WHAT THIS TASK INVOLVES: Restate, exactly as written, the entries below from the line that holds "Hydrangea arborescens Annabelle" through the line that holds "5m 22W/m LED". Pictures are not part of the copy.

STUDY MATERIAL:
####

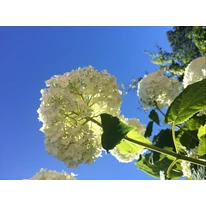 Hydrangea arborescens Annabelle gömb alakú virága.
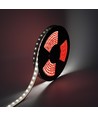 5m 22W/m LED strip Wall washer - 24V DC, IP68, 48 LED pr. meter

####

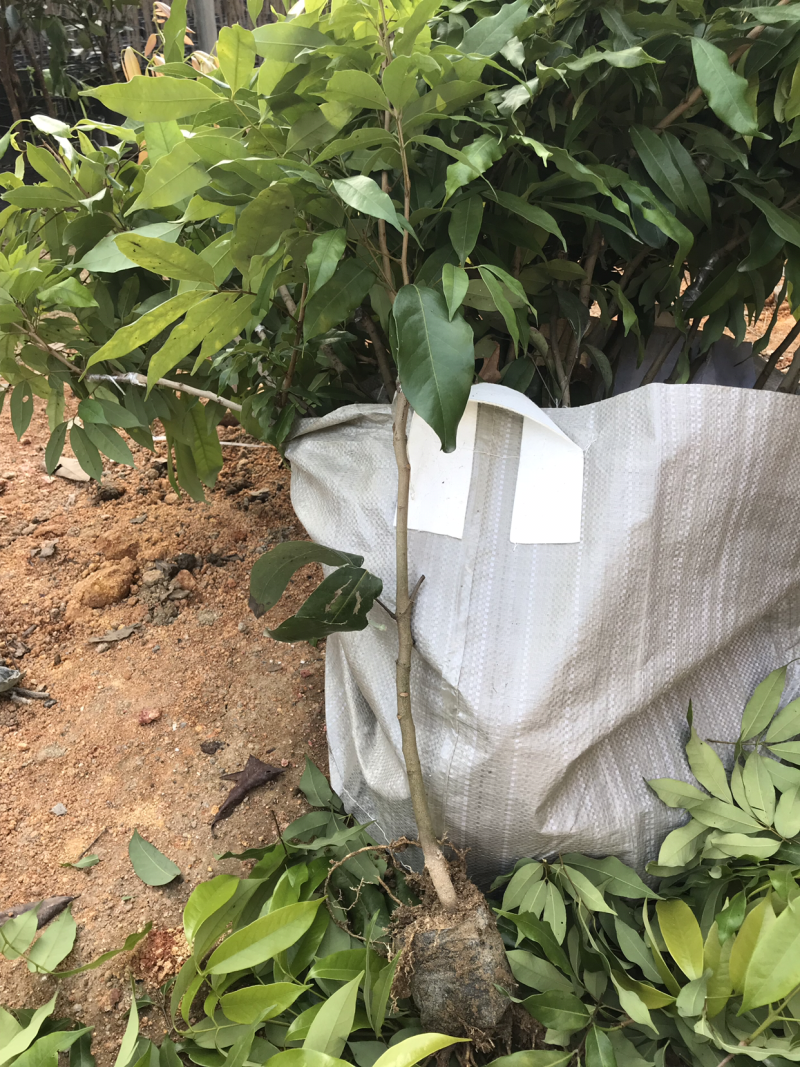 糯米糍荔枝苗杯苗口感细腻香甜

####

EXPECTED OUTPUT:
 Hydrangea arborescens Annabelle gömb alakú virága.
 5m 22W/m LED strip Wall washer - 24V DC, IP68, 48 LED pr. meter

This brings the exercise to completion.